Whether as motivation, or frustration, or even humor, cursing is everywhere NFL players are found. Those who refrain are the ones who stand out.

Eagles quarterback Carson Wentz yelling while awaiting the right offensive personnel on the field against the Saints last November.
Eagles quarterback Carson Wentz yelling while awaiting the right offensive personnel on the field against the Saints last November.Read moreYONG KIM

The Eagles had just been embarrassed by the Cowboys last month, and Carson Wentz afterward gave an impassioned speech that struck a chord with his teammates not only for its intensity, but for a few choice words the quarterback had used to punctuate his message.

He cursed.

Wentz, who normally substitutes creative words for profanity, was flipping mad and the expletives flowed out.

“I’ve heard him drop hell or something like that,” Eagles safety Malcolm Jenkins said. “But he dropped some significant words then and I was like, ‘Oh, OK, he means it.’ ”

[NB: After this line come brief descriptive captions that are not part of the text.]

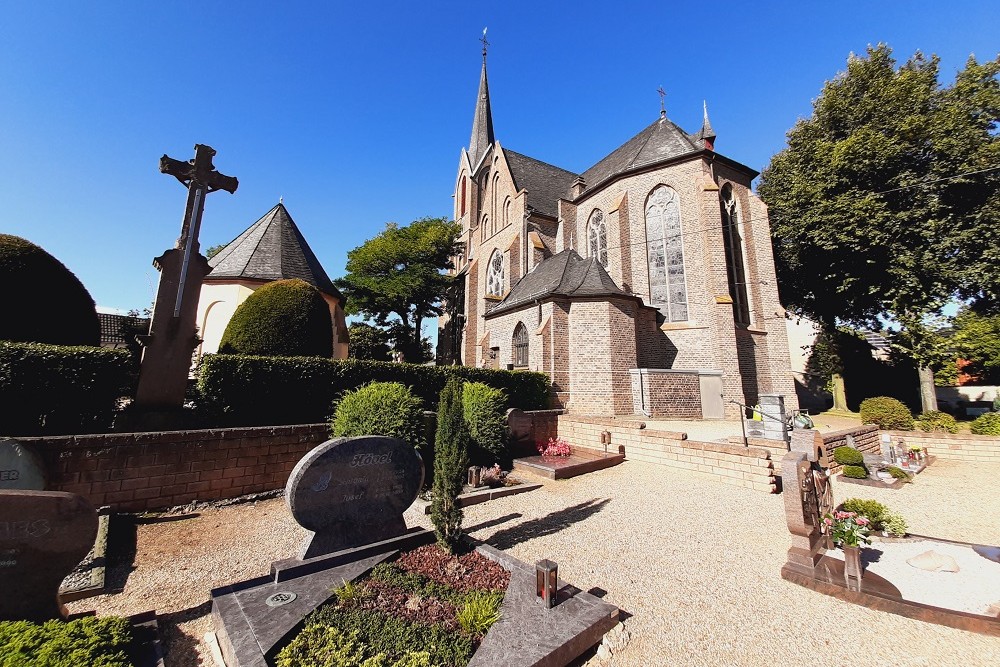 Memorials St. Kunibert Church Enzen #5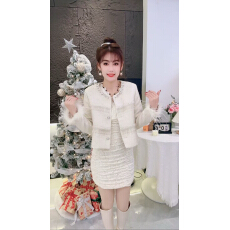 批发<b class='q'>定制</b>新品秋季鸵鸟毛拼接重工镶钻钉珠高级感设计感<b class='q'>西装</b>外套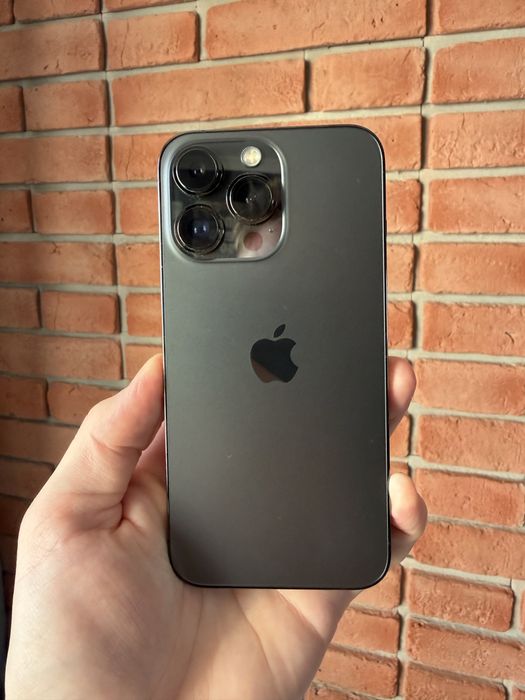 Iphone 13 pro 128 GB grafit + 7 etui + szklo hartowane +kab. lightning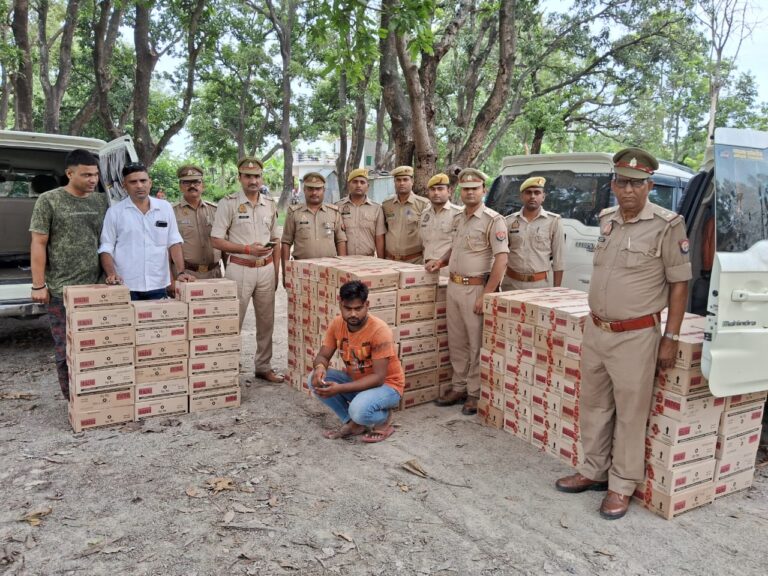 Deoria News:191 पेटी देशी शराब के साथ एक तस्कर गिरफ्तार Deoria News:191 पेटी देशी शराब के साथ एक तस्कर गिरफ्तार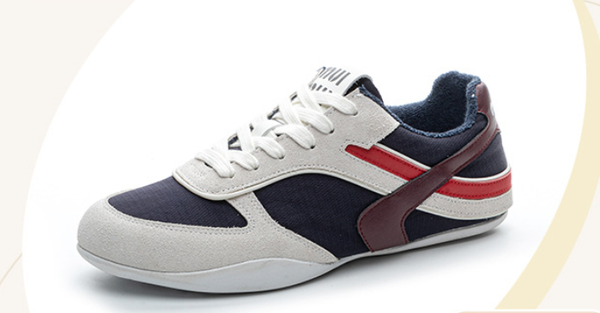 Damen Sneaker im Miu Design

Under most circumstances, when an NFL player curses, it hardly qualifies as meaningful. Cussing and football go together like praying and church. From the competitiveness of the sport to its physicality, from drill sergeant-like coaches to the frat-like atmosphere of a locker room, swearing is omnipresent.

“It’s a way to get out frustrations. It’s a way to communicate. It’s a way to be funny,” Eagles tackle Lane Johnson said. “It’s just a way of life around here.”

Cursing is so prevalent in the NFL, according to Eagles guard Brandon Brooks, that those who don’t do it stand out more than those who do. And they’re often identifiable because of the expressions they use in the place of cuss words.

Backup quarterback Josh McCown, most agree, is the most inventive. Flip, daggumit, shoot a mile are some of his favorites. He used holy buckets so often when he was with the New York Jets that some of his teammates had the phrase emblazoned on a T-shirt for him.

Wentz hasn’t adopted many of his fellow quarterback’s familiar phrases, but he uses alternative "F” words to replace the mother of all profanities.

“I’ve been trying to control my language for as long as I can remember,” Wentz said recently. “Really in college when I gained my faith, I was like, I got to start watching my tongue. But by no means am I perfect. You start feeling it and you say something else, something random.”

The Eagles have been mic’ing players this season for video segments on their website, and Wentz was chosen after the win over the Packers in September. Unlike Johnson or defensive end Brandon Graham, the team didn’t have to bleep him out because he used flipping and freaking when congratulating his teammates after touchdowns.

“I think some of the words can sound corny,” reserve quarterback Nate Sudfeld said, “but Carson has done a good job.”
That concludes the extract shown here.